No attempt at dancing now. “Why not?”
“I can’t.”
“Don’t worry about your mates, Kev’ll look after them all right.”
“It’s not that.”
“What is it, then?”
“My boyfriend …”
“Your sodding what?”
“Boyfriend. He’s meeting me here, picking me up.”
Divine shook his head in disbelief.
“One of his pals was having his stag night.”
“Well, that’s it, then, isn’t it?” He moved in again, hands low at her back, fingers against the top of her buttocks pulling her back towards him, edge of her little panties clear to the touch. “You’ll not see him till morning.”
“What d’you mean?”
“If he’s been out on the piss with his mates, he’s not going to turn up here, is he, ready to drive you home.”
“He will.”
“Be too drunk to stand up, most likely, never mind drive.”
She pulled herself away from him and stood there pouting, lip gloss all but gone. Divine had a sudden vision of the evening ending in nothing and he hated it.

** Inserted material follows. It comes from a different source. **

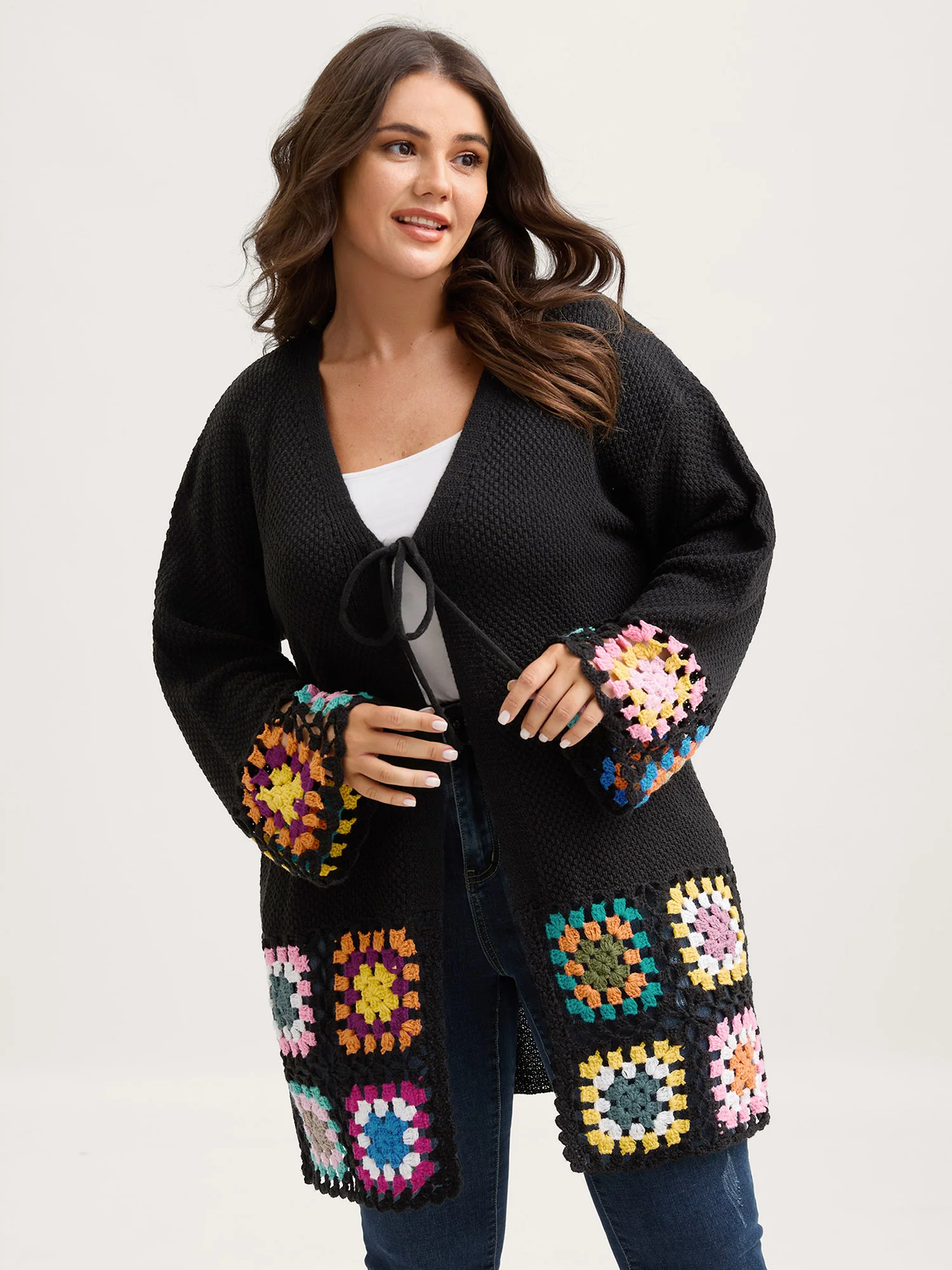 Floral Crochet Lace Open-Front Cardigan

“All right, then,” he said, grabbing her arm at the elbow, “if he’s out there waiting for you, let’s go find him.”
Protesting, Mandy was pushed and pulled towards the exit, until finally, grudgingly she walked with him out through the entrance, past the dinner-jacketed bouncers and round into the car park.
“Where is he, then?”
“I don’t know …”
“Exactly.”
Divine ran his hand up her back and fondled her neck beneath the permed hair. He kissed her shoulder, slid his other hand over her breast as he turned her towards him.
“If you didn’t want this,” he said, “you should have said so before. But then you might not have scored so many free drinks.”
“You offered,” she said. “What was I supposed to do?”
“This,” Divine said.
He was kissing her, pushing his tongue into her mouth, doing his best to stop her wriggling and get a hand inside her dress at the same time, when someone tapped him hard on the shoulder.